Can you ever justly tear down a wicked tyrannical rule by becoming that yourself?

As novelist Nigel Tranter puts it, in ch10 of Marie and Mary p78 (better still on p86)

Was their Creator not the God of love?’ Are these not our brothers and sisters in the Lord?

To make Catholics fear for their lives if caught saying Mass… to rise up with such violence against the churches….can this be the behaviour of holy people?

My forebears are said to have said that they wished for the right to believe and practice faith for all – and explicitly said so for ‘papists’, and for nonChristians. They also are against state interfering with belief, as I am, and an official national religion, or Bible translation.

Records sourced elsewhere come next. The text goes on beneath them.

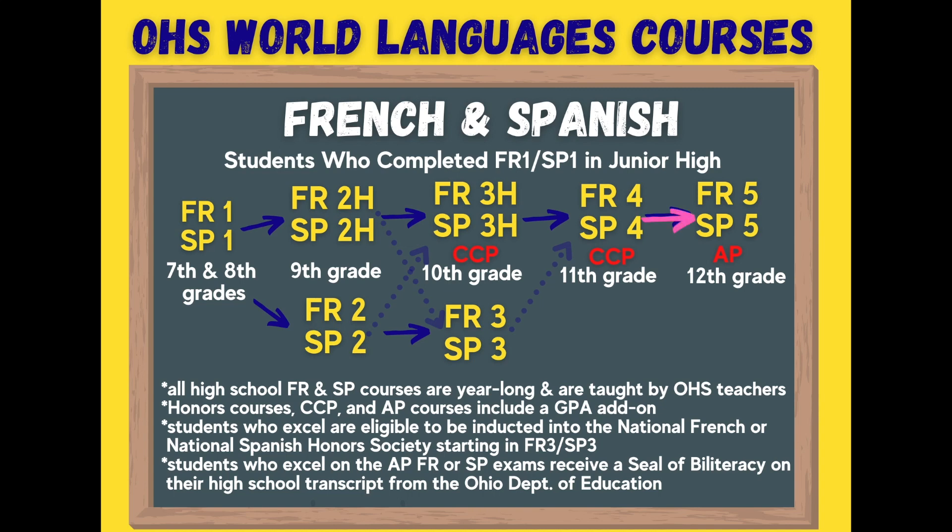Lastly, as a senior, students can take French or Spanish 5 AP. These Advanced Placement courses prepare students for the AP French or AP Spanish tests taken in the spring. Depending on how students score, many colleges and universities throughout the country will give students college credit. Students who excel on the AP test are eligible to receive a Seal of Biliteracy on their high school transcripts from the Ohio Department of Education. There is also a GPA add-on for AP courses.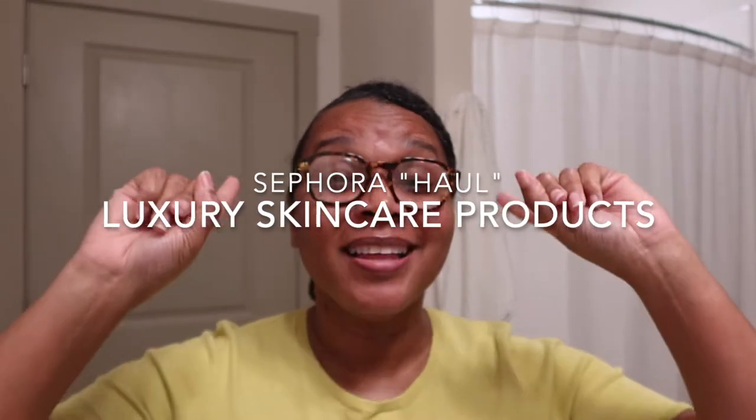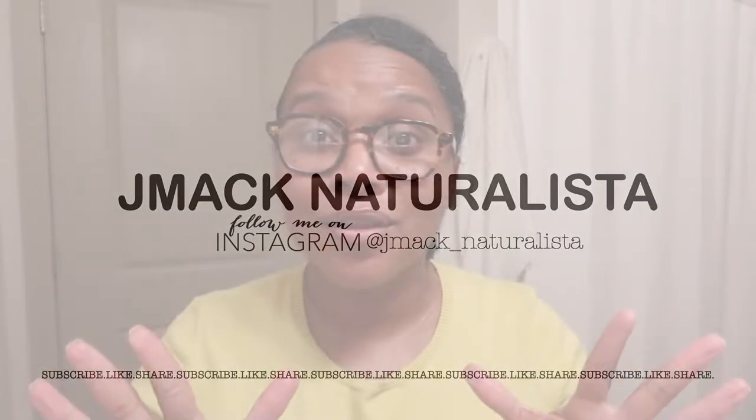Hi guys, so in this video I'm going to be sharing with you what I purchased from Sephora — new luxury skincare. If you're interested in that content or have sensitive skin, please keep watching. I don't know for certain if it's for sensitive skin, but that's what I asked the person helping me at Sephora: what products are for sensitive and acne-prone skin.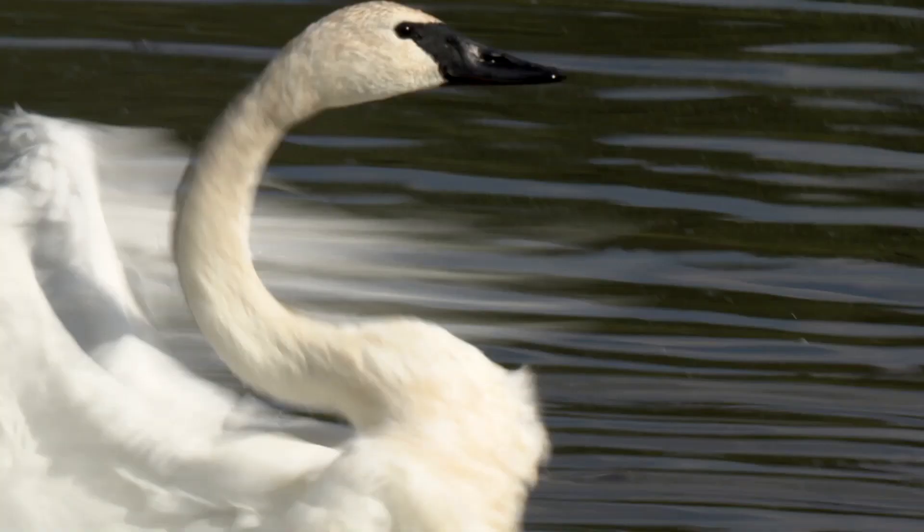The best time to spot a trumpeter is actually right now — they can be very active in the winter. The birds usually pass through Ohio during migration, but because of conservation work being done by ODNR, they are now nesting here.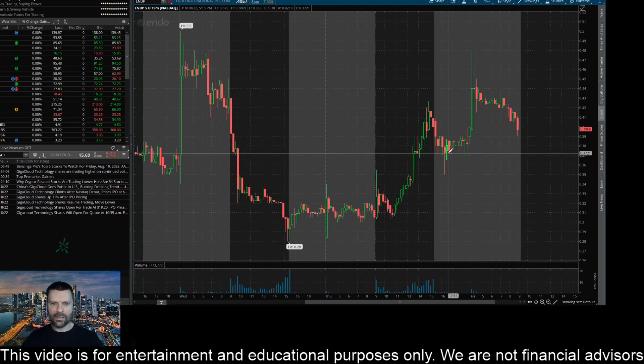So it definitely looks like a key level there. If the sellers continue what we're seeing right here and this thing continues to bleed out and goes down to challenge that $0.37 level, and if it closes below that level on the 15-minute timeframe, I could definitely see this thing making a pretty good move lower and testing this level around $0.349, or about $0.35.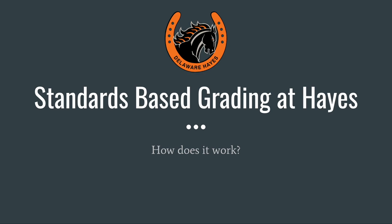In this presentation, I will be discussing how standards-based grading works at Hayes High School. If you are interested in learning about why we are moving to standards-based grading in the building, you can watch the video titled 'Why We Use Standards-Based Grading at Hayes.' My name is Jake Schaefer. I'm one of the assistant principals at Hayes High School, and I have a unique perspective on standards-based grading because I taught in this program at Hayes.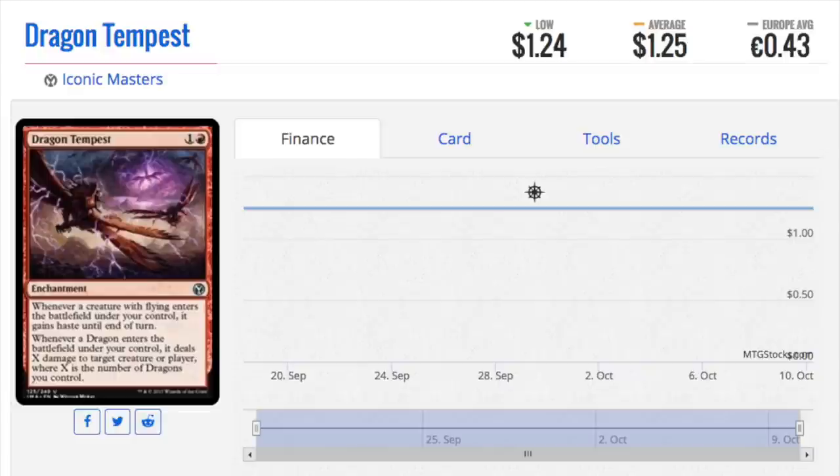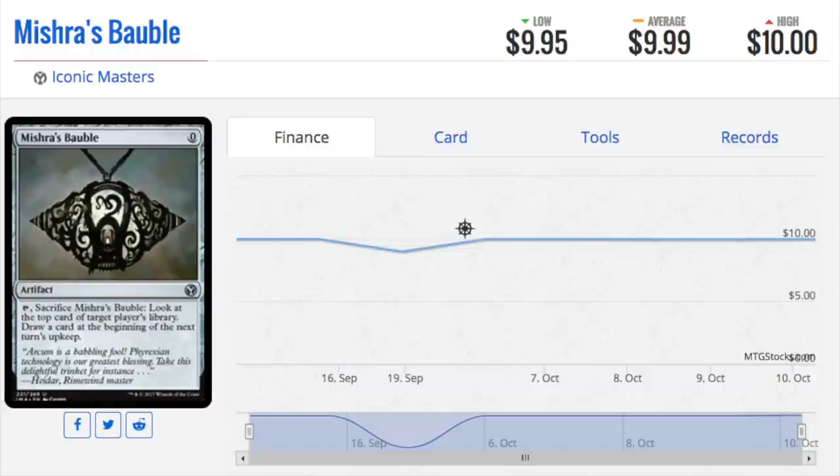Dragon Tempest was a card people were speculating on heavily for the new dragon deck. It got a reprint and it is uncommon. So whatever speculation, whoever was making that speculation, got hosed to oblivion. And that is not the only card on this list which has been changed from rare to uncommon, therefore making it extremely valuable as a future spec, but terrible as a past spec.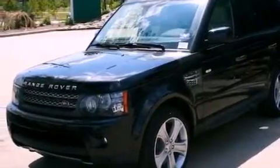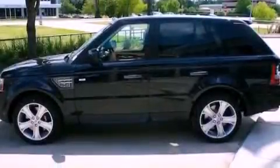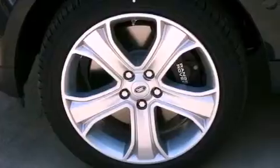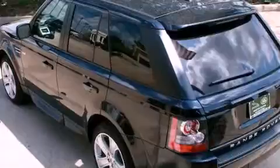Its top features include a heated steering wheel, a steering wheel with memory settings, cruise control, a premium audio system, leather seats, a supercharger, a passenger side vanity mirror, a traction control system, a power moonroof, and a navigation system.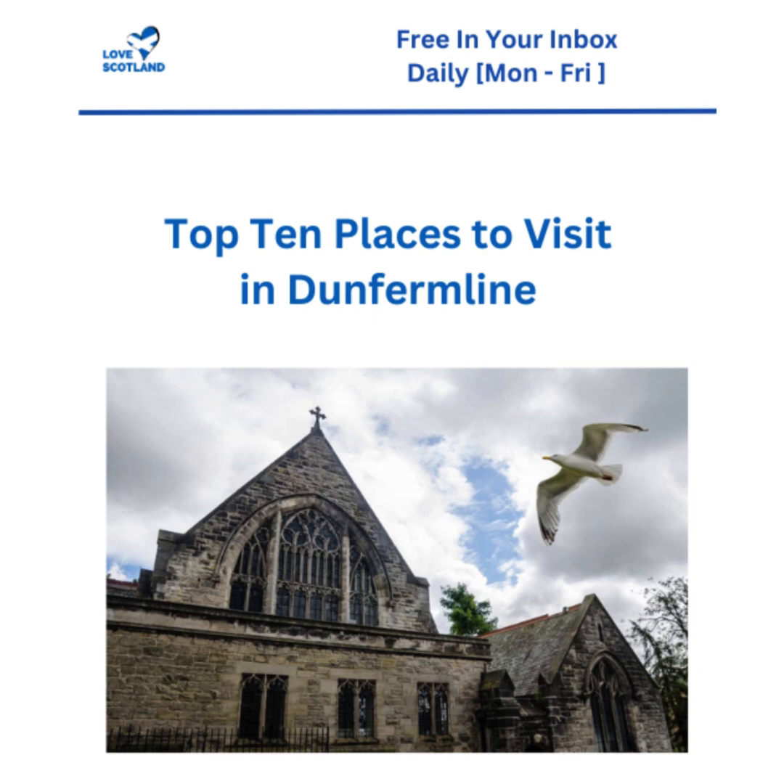The article specifically calls out the intricate stone carvings - imagine the craftsmanship it took to create those details all those centuries ago. And of course, the abbey's most famous residents: the Scottish royals laid to rest within its walls. The article specifically mentions Robert the Bruce. It's amazing to think about walking through those hallowed halls, tracing the steps of kings and queens. The article even suggests taking a guided tour to really get the full historical rundown.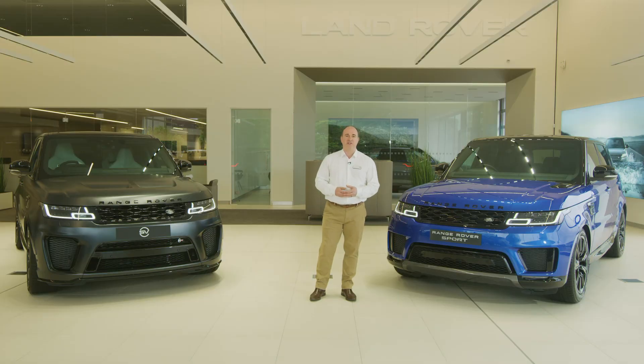Thank you for spending a little time getting to know more about the Range Rover Sport. Further information can be found on the Land Rover website or YouTube channel.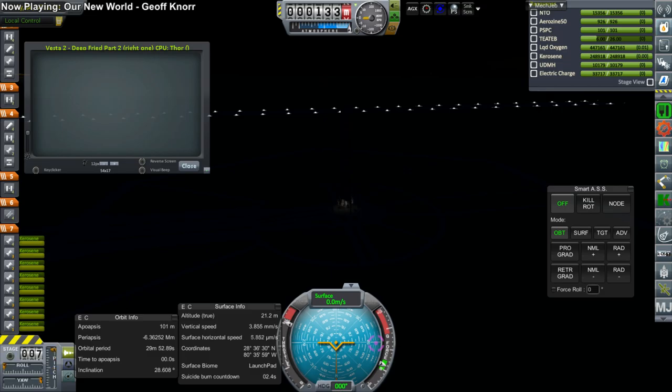Welcome to a report on the EDB Space Program's continuing efforts to send a Kerbal to the surface of the Moon and return that Kerbal safely to the Earth.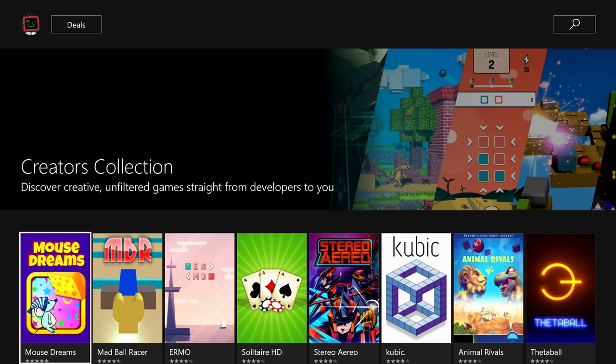What you're looking at is a new section on the Xbox One store that's only been up for a couple weeks. It's called the Creators Collection. The description says you can discover creative, unfiltered games straight from developers to you. That's how we like it — we like our indie games raw and unfiltered.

I cannot say, of course, who does and doesn’t really know God and speak for him, but I do wonder about Mr Knox, considered a hero to many. Having read as much as I could bear of his sermons and tracts, and seen him dramatised several times (Liz Lochhead’s play is most interesting), this is my conclusion.

John Knox was a bully. He thought that his many words, aggressively delivered, made him irrefutable; but hard to debate with and having a good argument are not the same. Reformed preachers of old can be referred to as divines, but I see nothing divine about him. He used insults, like ‘earwig’ and more colourful ones that border on profanity. He picked obscure Bible characters, likening his enemies unto them. I note that although the Bible did have chapters and verses in his day (thanks to his mates in Geneva, who I’ll take on in October), that Knox didn’t make that many biblical references to back up his thundering rhetoric. He seemed to use attrition both on his congregations, his detractors, and in public assemblies.

Forgive if I speak wrongly, but I can think of some Bible verses for him: that he be mindful that Matthew 5:22 and Luke 17:1-2 do not apply. Hatred and death threats sound a lot like inciting others to sin to me. And which commandment does that break? What of the warnings against false teachers?

Knox seems like an employed agitator, so incendiary that you’ll be galvanised one way or the other. I wonder who he worked for. I am not sure that it was for the Holy Spirit.

Did he really believe that he was serving God? If so, it was in an immature way. If he took one of those spiritual quizzes: Are you an old soul? his result would be: No, a very young one, for absolute intolerance sounds like someone – whether or not you accept other lifetimes – who is not very evolved. It seems that Knox hasn’t understood the true nature of God – not that I’m claiming myself to be expert or flawless either. But his is the god that I think is the usurping god of the Old Testament, which Knox seems to like to quote more. Where is Love?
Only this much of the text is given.